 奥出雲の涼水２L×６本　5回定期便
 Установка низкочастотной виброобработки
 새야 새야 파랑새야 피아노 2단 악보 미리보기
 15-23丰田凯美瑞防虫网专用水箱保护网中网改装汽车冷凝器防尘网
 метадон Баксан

---

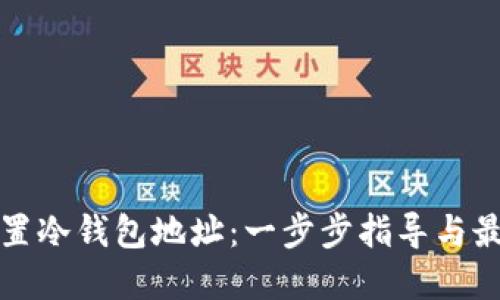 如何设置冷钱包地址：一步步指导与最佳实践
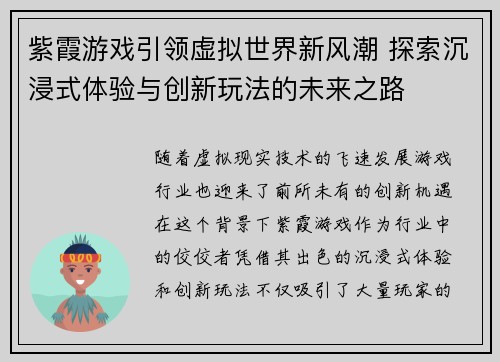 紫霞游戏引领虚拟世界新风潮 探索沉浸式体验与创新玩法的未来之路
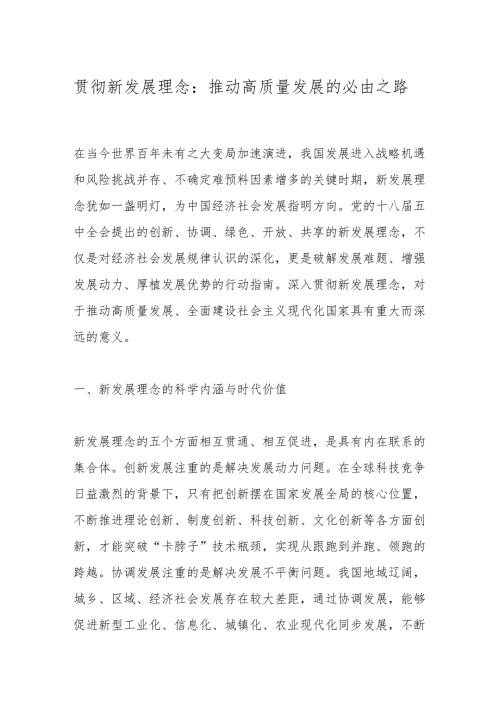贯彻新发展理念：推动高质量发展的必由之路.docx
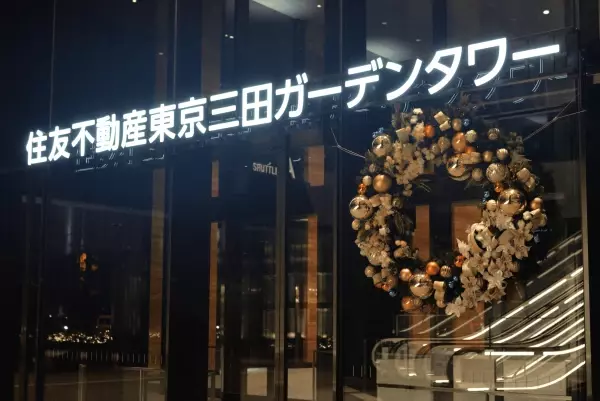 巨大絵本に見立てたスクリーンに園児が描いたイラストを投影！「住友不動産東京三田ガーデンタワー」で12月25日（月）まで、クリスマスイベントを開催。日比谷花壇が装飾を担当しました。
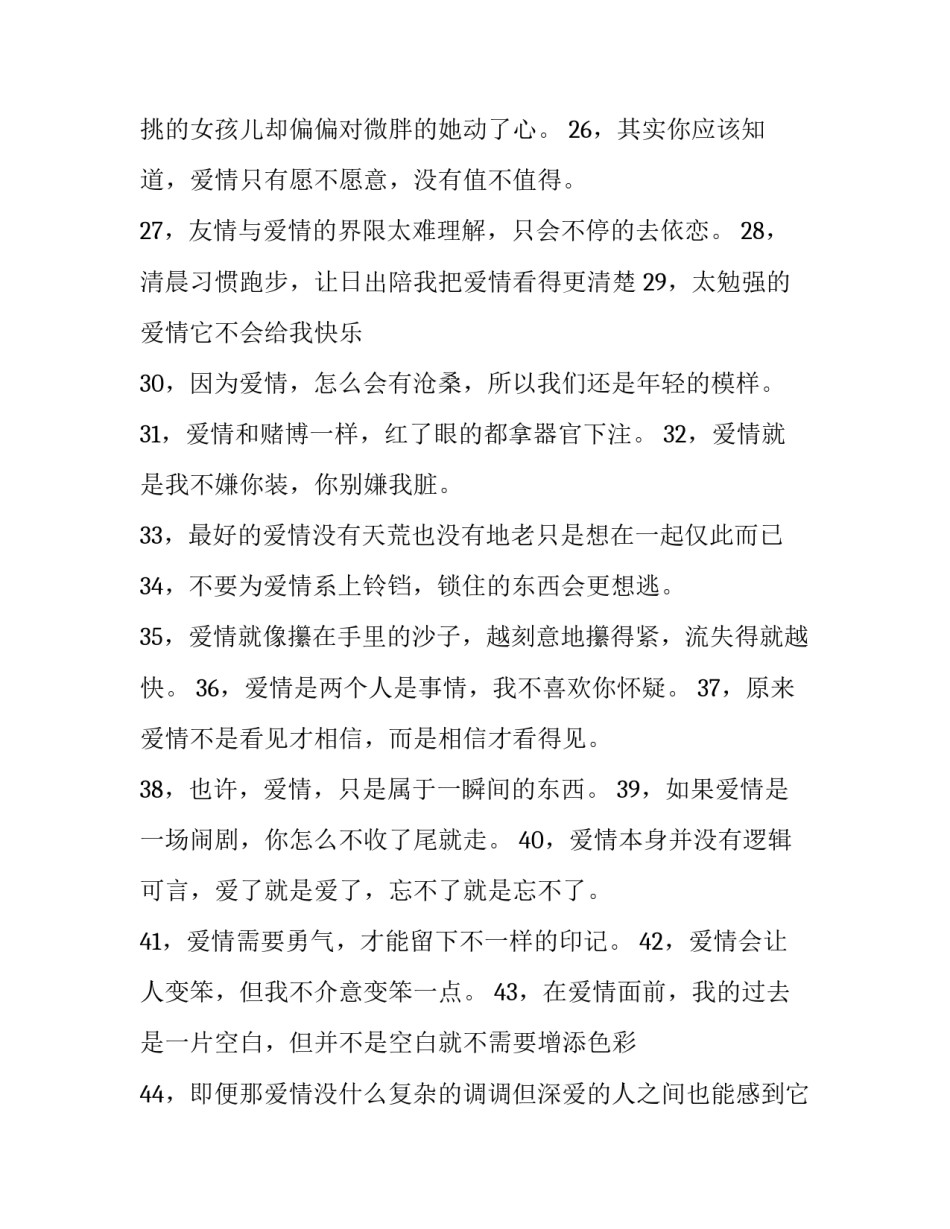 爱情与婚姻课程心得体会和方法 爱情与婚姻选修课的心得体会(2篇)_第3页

--

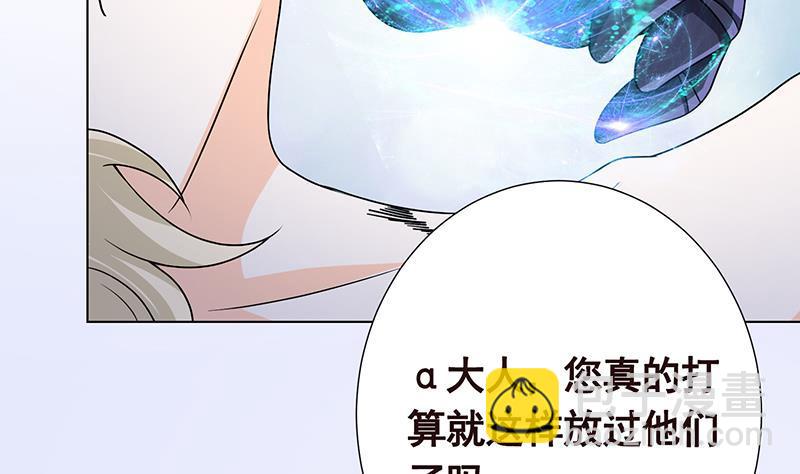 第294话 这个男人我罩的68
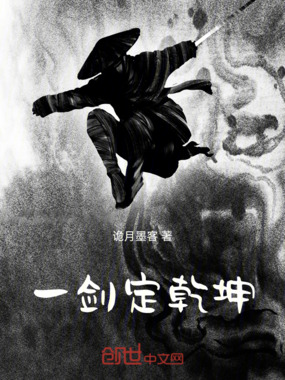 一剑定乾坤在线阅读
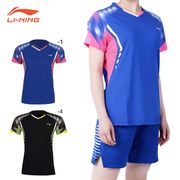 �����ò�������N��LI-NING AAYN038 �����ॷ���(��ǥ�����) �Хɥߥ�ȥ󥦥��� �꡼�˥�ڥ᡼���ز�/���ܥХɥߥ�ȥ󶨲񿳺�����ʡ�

#### TO DO:
Reproduce exactly the entries above, limited to the lines from the one with "奥出雲の涼水２L×６本　5回定期便" through the one with "метадон Баксан", both included.

#### RESULT FOR THIS EXERCISE:
 奥出雲の涼水２L×６本　5回定期便
 Установка низкочастотной виброобработки
 새야 새야 파랑새야 피아노 2단 악보 미리보기
 15-23丰田凯美瑞防虫网专用水箱保护网中网改装汽车冷凝器防尘网
 метадон Баксан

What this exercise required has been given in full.